Moshe Mizrahi, Israeli Director of 3 Foreign-Language Oscar Nominees, Dies at 86

Courtesy of Everett Collection
Moshe Mizrahi

His 'Madame Rosa,' starring Simone Signoret and representing France, took home the trophy in 1977.

Israeli filmmaker Moshe Mizrahi, who co-wrote and directed three Oscar-nominated foreign-language dramas in the 1970s, including the winning Madame Rosa, starring Simone Signoret, has died. He was 86.

Mizrahi died Friday at Sourasky Medical Center in Tel Aviv, Israel, a hospital spokesperson said. He had been admitted with severe pneumonia.

Mizrahi also was behind the Oscar nominees I Love You Rosa (1972) and The House on Chelouche Street (1973). Madame Rosa (1977), representing France, triumphed over his homeland's nominee, Operation Thunderbolt, from writer-director Menahem Golan.

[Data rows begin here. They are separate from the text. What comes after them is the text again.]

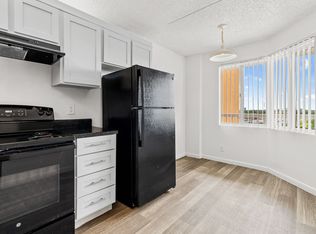 Tennis Towers Apartments, West Palm Beach, FL 33417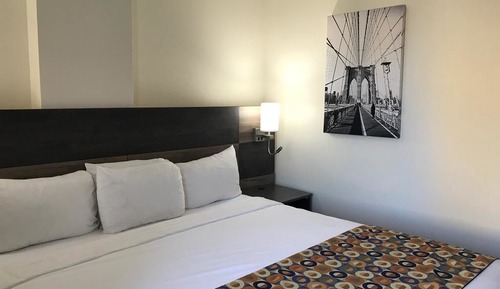 Basic Single Room, 1 King Bed, Accessible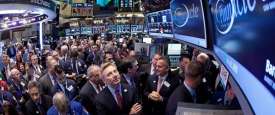 متعاملون أثناء التداول في بورصة نيويورك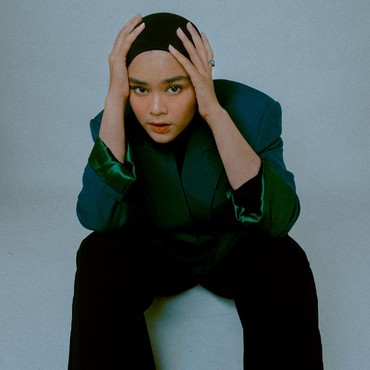 Lirik Lagu Intro, Camellia - Sivia Azizah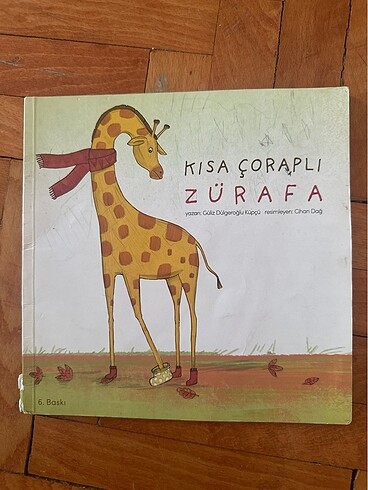 Kısa çoraplı zürafa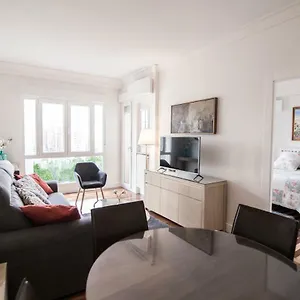 Elegant Retreat Business District Bernabeu * Madrid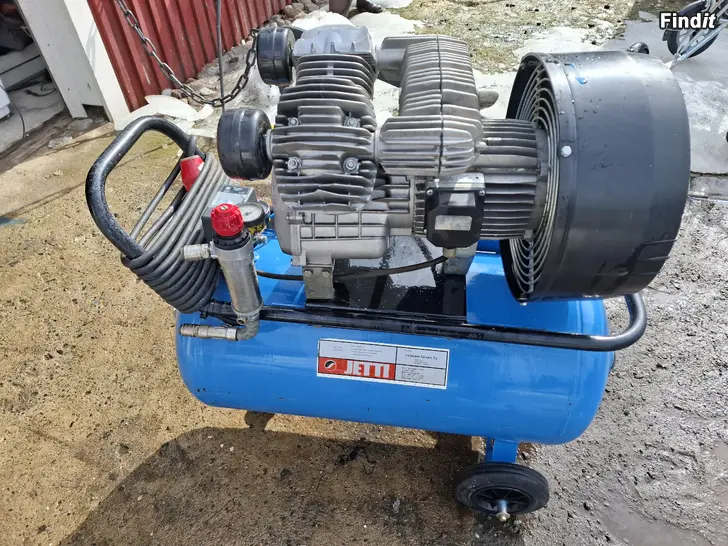 Myydään 100L kompura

Based on French author Romain Gary's The Life Before UsMadame Rosa stars Signoret as an elderly Jewish woman who survived Auschwitz and worked as a prostitute before running a Paris boarding home for the children of hookers and befriending a young Muslim Algerian boy.

The film's awards campaign seemed to gain momentum from the Egypt-Israel peace talks being presided over by U.S. President Jimmy Carter.

Born in 1931 in Alexandria, Egypt, Mizrahi immigrated to Mandatory Palestine at age 14 — two years before the state of Israel was proclaimed — with his widowed mother and brother. Educated in a kibbutz, he immersed himself in a new culture and way of living.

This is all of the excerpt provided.